Others predict a high turnout despite the pandemic. Page Gardner, founder of the Voter Participation Center, said the advocacy group has seen “an enormous response” from voters, especially to its vote-by-mail application.
“There is a hunger to participate,” she said. “People want to help, and they want to vote.”
President Trump has stirred up questions about the election with false allegations about the prevalence of voter fraud, most recently targeting the validity of mail-in voting. Gardner said the president is “doing everything he can to keep people from voting.” He has even claimed there are plans to send law enforcement to monitor the polls, which critics say could be a form of voter intimidation.
But Circosta said state and federal law prohibit the mobilization of law enforcement for poll monitoring. “It’s not going to happen,” he said.
Yet the suggestion may put voters on edge. Durham routinely sends unarmed security officials to monitor polling sites to “help diffuse any situations that may arise,” said Bowen. The protocol was created to protect voters, but he recognizes that the presence of uniformed guards could make some voters feel threatened.
“We don’t want to have any form of voter intimidation,” he said. “So that’s a hard balance.”
Chatham County had an incident of voter intimidation in February, when pro-Confederate demonstrators reportedly hurled slurs and flew Trump and Confederate flags in front of an early voting site. Gardner said it’s up to election officials to prevent similar incidents this year.

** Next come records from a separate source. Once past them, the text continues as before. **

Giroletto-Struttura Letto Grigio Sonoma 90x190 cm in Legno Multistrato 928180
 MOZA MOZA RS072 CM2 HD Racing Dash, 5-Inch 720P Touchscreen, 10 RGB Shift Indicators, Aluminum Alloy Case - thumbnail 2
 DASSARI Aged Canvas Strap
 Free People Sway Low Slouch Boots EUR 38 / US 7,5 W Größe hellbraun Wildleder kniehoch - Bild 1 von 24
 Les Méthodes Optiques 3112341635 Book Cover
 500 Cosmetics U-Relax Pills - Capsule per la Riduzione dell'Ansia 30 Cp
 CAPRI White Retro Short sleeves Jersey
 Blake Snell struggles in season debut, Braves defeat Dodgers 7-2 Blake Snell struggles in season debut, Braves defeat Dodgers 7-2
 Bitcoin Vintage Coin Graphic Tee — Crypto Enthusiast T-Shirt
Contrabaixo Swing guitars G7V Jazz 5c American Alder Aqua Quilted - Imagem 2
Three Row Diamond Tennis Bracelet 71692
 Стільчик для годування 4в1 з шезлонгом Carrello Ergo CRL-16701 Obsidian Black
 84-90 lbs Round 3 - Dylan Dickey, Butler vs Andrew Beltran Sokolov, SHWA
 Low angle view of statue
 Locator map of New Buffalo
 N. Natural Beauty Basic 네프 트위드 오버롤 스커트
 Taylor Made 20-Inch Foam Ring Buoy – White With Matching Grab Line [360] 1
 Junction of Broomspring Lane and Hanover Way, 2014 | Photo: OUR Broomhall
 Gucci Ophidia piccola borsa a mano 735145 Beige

“There are people trying to confuse, intimidate, and make the voting process seem chaotic,” she said. Election officials “need to guarantee that this will not be allowed.”
Circosta said he has “no tolerance” for citizens who harass fellow voters, but he anticipates counties will need additional guidance in responding to voter intimidation.
“If people do wish to engage in that behavior, I expect the full weight of the law will be used to thwart it,” he said.
Circosta’s job comes with plenty of anxiety. But he said being the face of the North Carolina election feels “absolutely wonderful.”
He doesn’t know when or how the election will end, but he urges voters to be patient.
“By every account, this is going to be a close election,” he said. “But we’ll get it right.”